BEGIN Entries shown

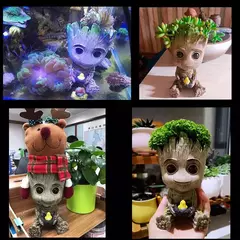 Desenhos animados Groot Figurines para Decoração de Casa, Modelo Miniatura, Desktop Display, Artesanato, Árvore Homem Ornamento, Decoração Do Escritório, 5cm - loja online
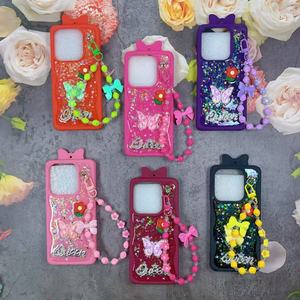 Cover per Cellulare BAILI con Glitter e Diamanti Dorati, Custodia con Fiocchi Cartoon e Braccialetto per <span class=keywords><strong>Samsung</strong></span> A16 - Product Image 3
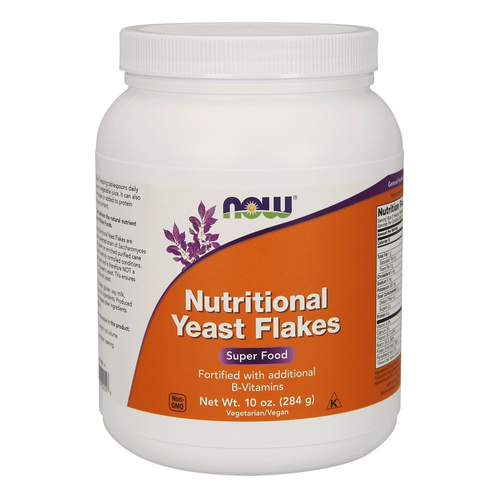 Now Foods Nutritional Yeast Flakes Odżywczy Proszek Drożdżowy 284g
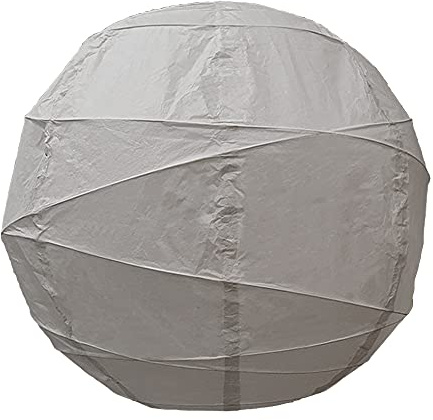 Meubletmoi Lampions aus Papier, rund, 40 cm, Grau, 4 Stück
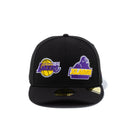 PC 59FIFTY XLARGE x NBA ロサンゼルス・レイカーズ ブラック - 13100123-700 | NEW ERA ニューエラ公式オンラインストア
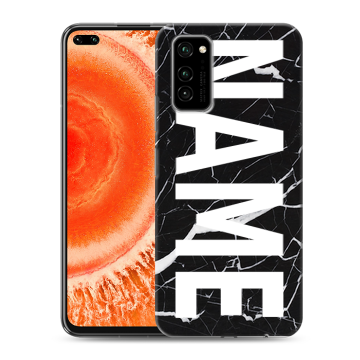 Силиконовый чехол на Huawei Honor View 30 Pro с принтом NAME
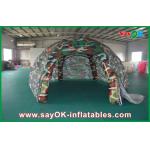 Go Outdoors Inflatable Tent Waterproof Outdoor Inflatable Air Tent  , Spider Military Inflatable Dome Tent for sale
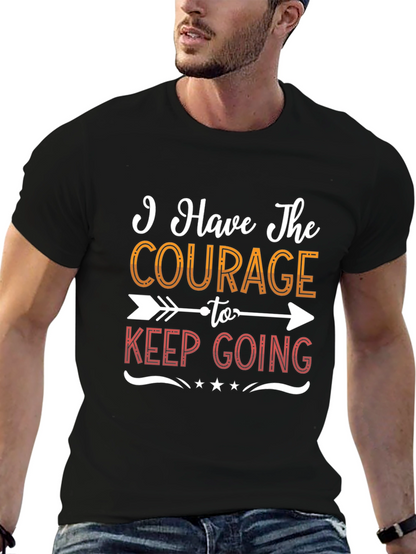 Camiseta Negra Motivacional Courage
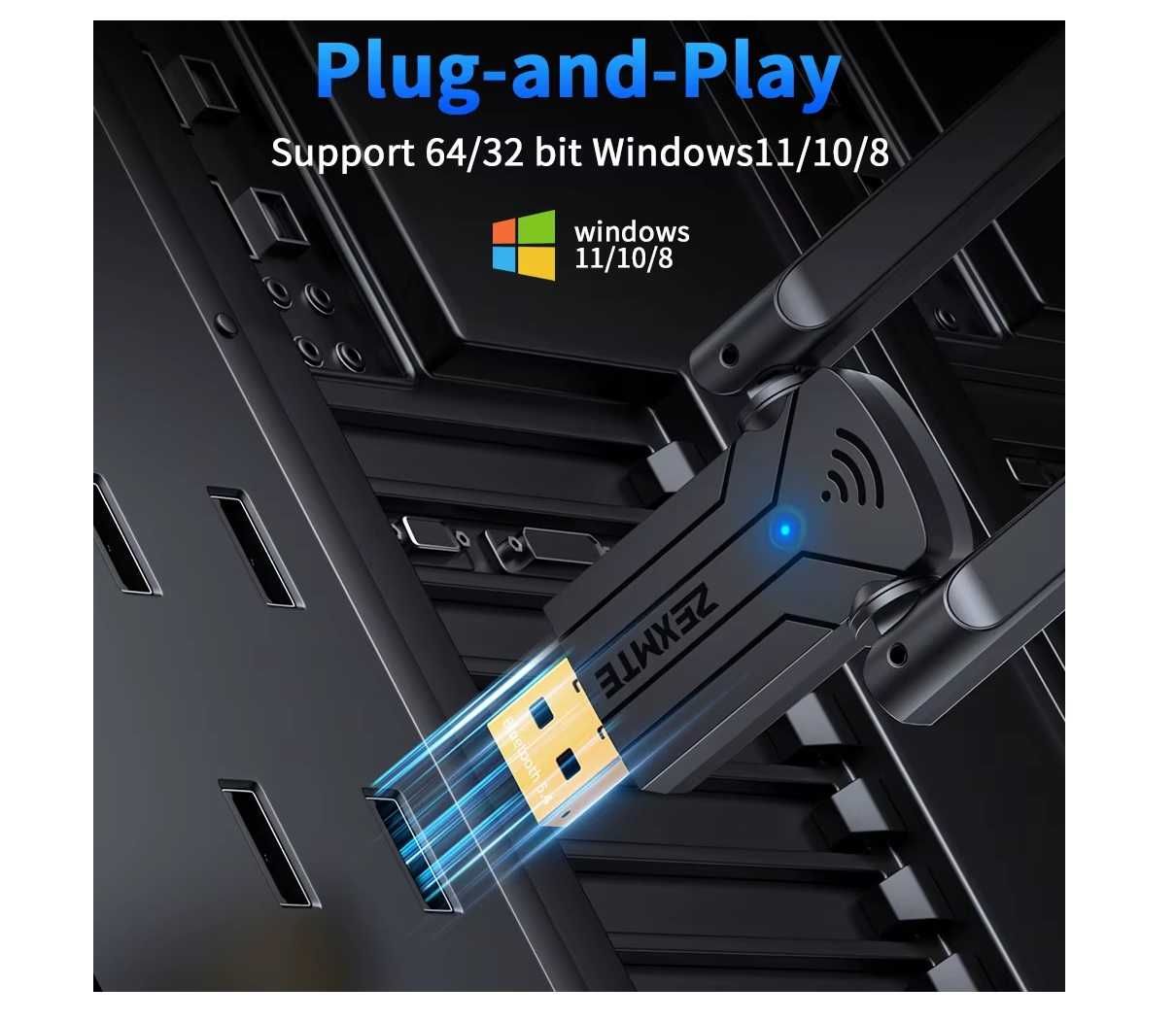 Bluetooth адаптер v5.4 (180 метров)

END Entries shown

## What is expected
Except for the pictures, give all the material above again verbatim.

## Answer below
 Desenhos animados Groot Figurines para Decoração de Casa, Modelo Miniatura, Desktop Display, Artesanato, Árvore Homem Ornamento, Decoração Do Escritório, 5cm - loja online
 Cover per Cellulare BAILI con Glitter e Diamanti Dorati, Custodia con Fiocchi Cartoon e Braccialetto per <span class=keywords><strong>Samsung</strong></span> A16 - Product Image 3
 Now Foods Nutritional Yeast Flakes Odżywczy Proszek Drożdżowy 284g
 Meubletmoi Lampions aus Papier, rund, 40 cm, Grau, 4 Stück
 PC 59FIFTY XLARGE x NBA ロサンゼルス・レイカーズ ブラック - 13100123-700 | NEW ERA ニューエラ公式オンラインストア
 Силиконовый чехол на Huawei Honor View 30 Pro с принтом NAME
 Go Outdoors Inflatable Tent Waterproof Outdoor Inflatable Air Tent  , Spider Military Inflatable Dome Tent for sale
 Camiseta Negra Motivacional Courage
 Bluetooth адаптер v5.4 (180 метров)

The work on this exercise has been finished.